--- Records provided Enclosed Below ---

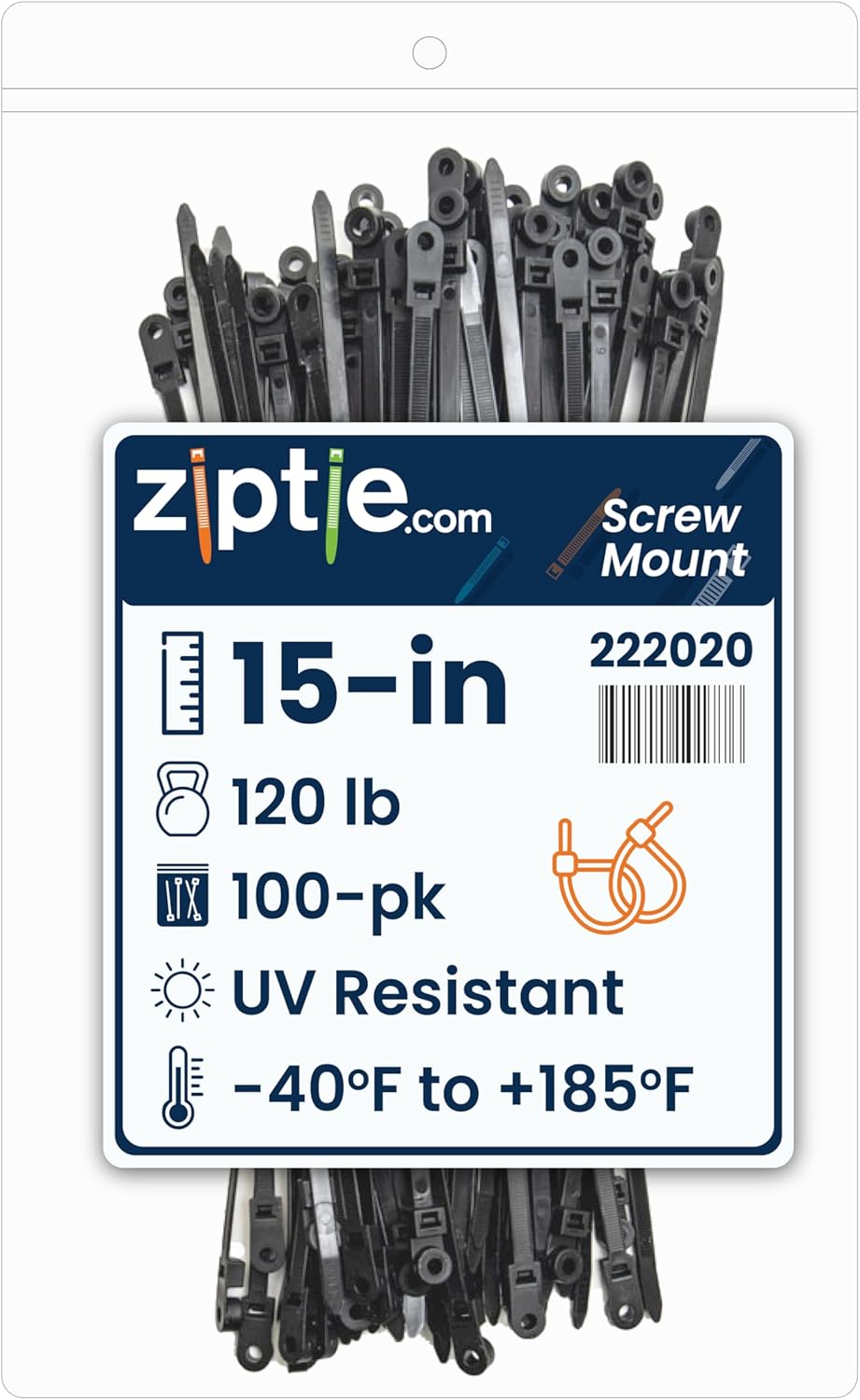 ZipTie.com 15-Inch Black Zip Ties With Screw Hole - 120-lb Tensile Strength Cord Management & Secure Mounting - UL 21 Listed Tie Wraps - Indoor & Outdoor Multi-Purpose (100-Pack)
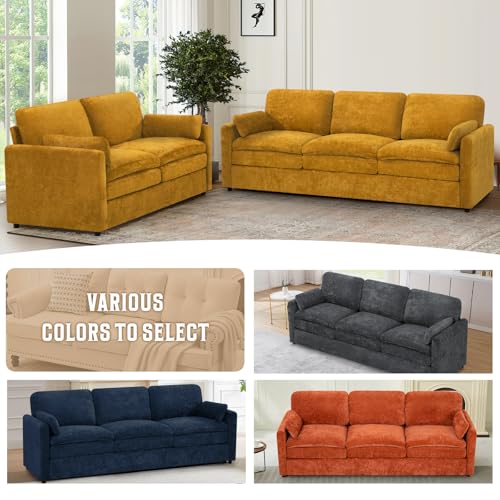 89" Chenille Soft Sofa w/Well-Filled Backrests, Yellow | Modern Couch w/Plump Pillows, 3 Seater Upholstered Couch w/Thick & Comfy Cushions for Living Room, Bedroom - color: Yellow, size: Sofa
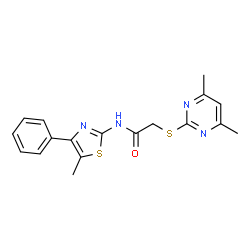 ChemSpider 2D Image | 2-[(4,6-Dimethyl-2-pyrimidinyl)sulfanyl]-N-(5-methyl-4-phenyl-1,3-thiazol-2-yl)acetamide | C18H18N4OS2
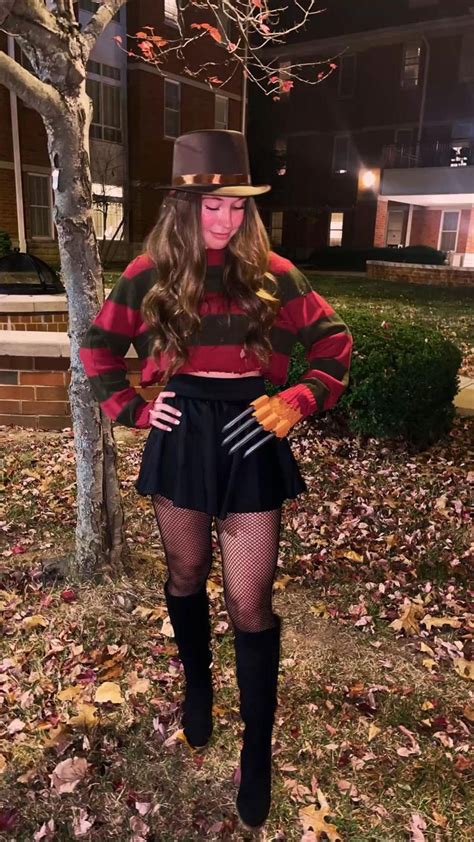 Freddy Krueger Costume | Halloween costume | Freddy Krueger Girls Costume | Colleg… | Halloween ...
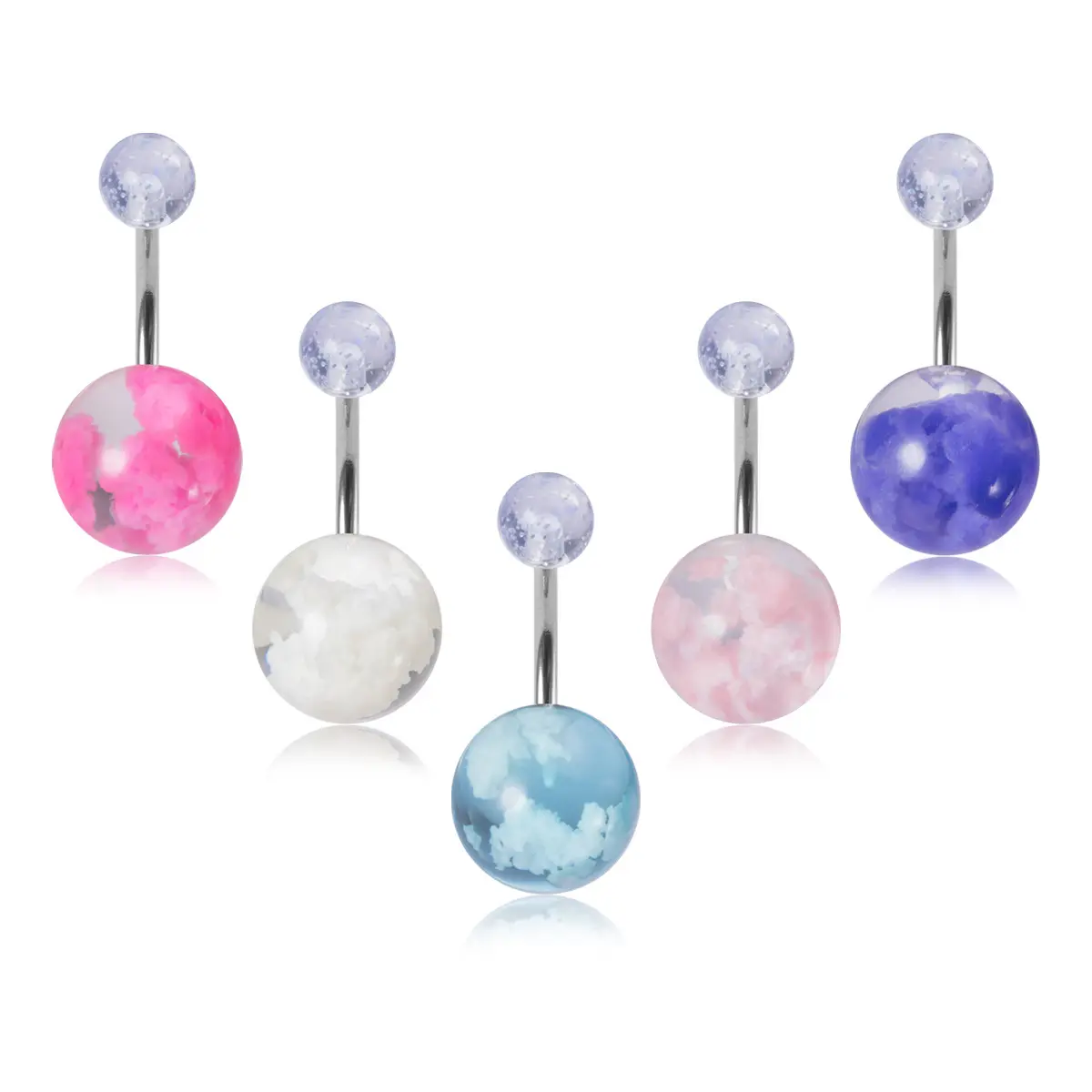 Creative Cloud Pattern Acrylic Belly Button Ring Piercing Jewelry Multi Color Acrylic Resin Double Head Ball Navel Nail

--- End of Enclosed Records provided ---

Repeat the material above precisely as it appears, omitting the images it contains.

**Response area**
 ZipTie.com 15-Inch Black Zip Ties With Screw Hole - 120-lb Tensile Strength Cord Management & Secure Mounting - UL 21 Listed Tie Wraps - Indoor & Outdoor Multi-Purpose (100-Pack)
 89" Chenille Soft Sofa w/Well-Filled Backrests, Yellow | Modern Couch w/Plump Pillows, 3 Seater Upholstered Couch w/Thick & Comfy Cushions for Living Room, Bedroom - color: Yellow, size: Sofa
 ChemSpider 2D Image | 2-[(4,6-Dimethyl-2-pyrimidinyl)sulfanyl]-N-(5-methyl-4-phenyl-1,3-thiazol-2-yl)acetamide | C18H18N4OS2
 Freddy Krueger Costume | Halloween costume | Freddy Krueger Girls Costume | Colleg… | Halloween ...
 Creative Cloud Pattern Acrylic Belly Button Ring Piercing Jewelry Multi Color Acrylic Resin Double Head Ball Navel Nail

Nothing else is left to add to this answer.